Directions
For the entries below, copy exactly the line that contains "Always check your" through the line that contains "After warming the", both ends included, and exclude all pictures.

Exercise data
————————

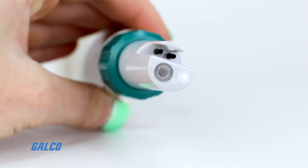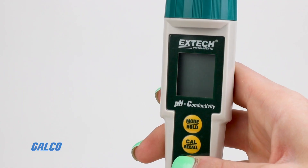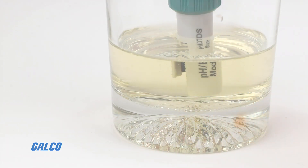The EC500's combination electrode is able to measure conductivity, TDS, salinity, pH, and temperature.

————————

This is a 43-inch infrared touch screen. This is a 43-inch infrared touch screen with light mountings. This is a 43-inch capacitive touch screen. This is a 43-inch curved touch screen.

————————

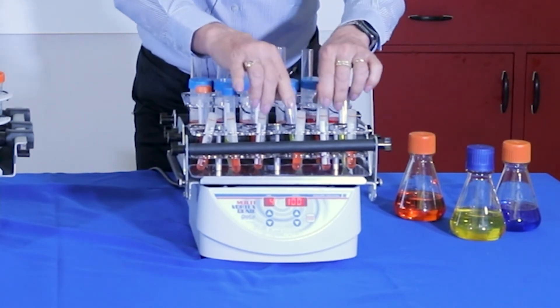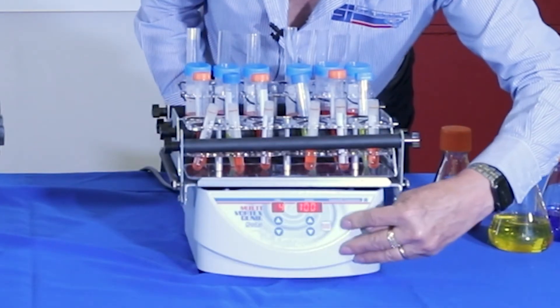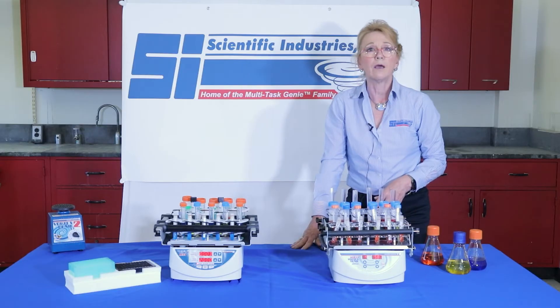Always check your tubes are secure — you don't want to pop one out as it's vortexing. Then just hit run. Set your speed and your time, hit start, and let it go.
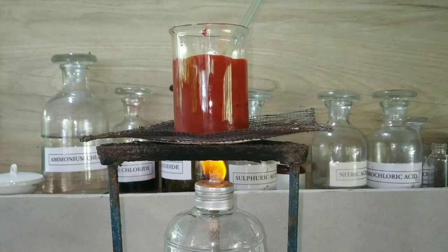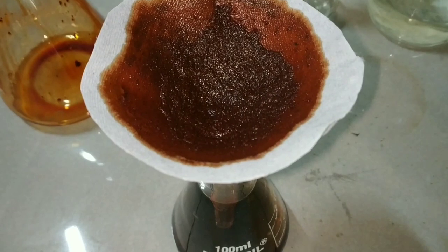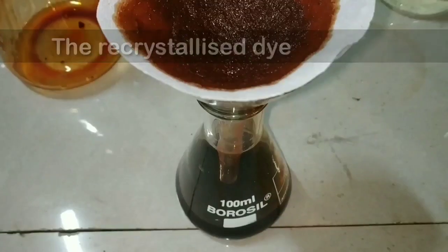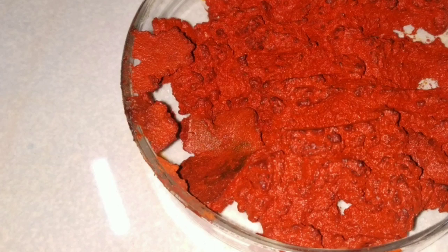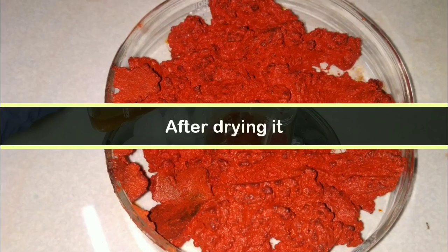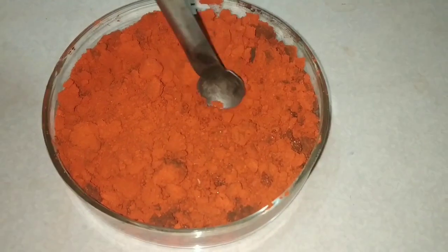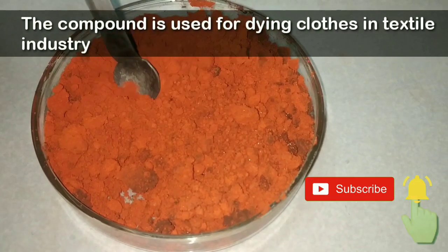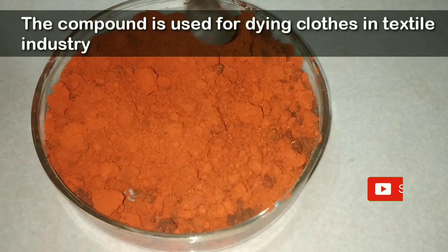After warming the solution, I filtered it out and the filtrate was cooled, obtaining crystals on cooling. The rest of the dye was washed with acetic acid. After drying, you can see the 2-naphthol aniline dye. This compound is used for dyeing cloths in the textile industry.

————————

Result of the task
Always check your tubes are secure — you don't want to pop one out as it's vortexing. Then just hit run. Set your speed and your time, hit start, and let it go.
After warming the solution, I filtered it out and the filtrate was cooled, obtaining crystals on cooling. The rest of the dye was washed with acetic acid. After drying, you can see the 2-naphthol aniline dye. This compound is used for dyeing cloths in the textile industry.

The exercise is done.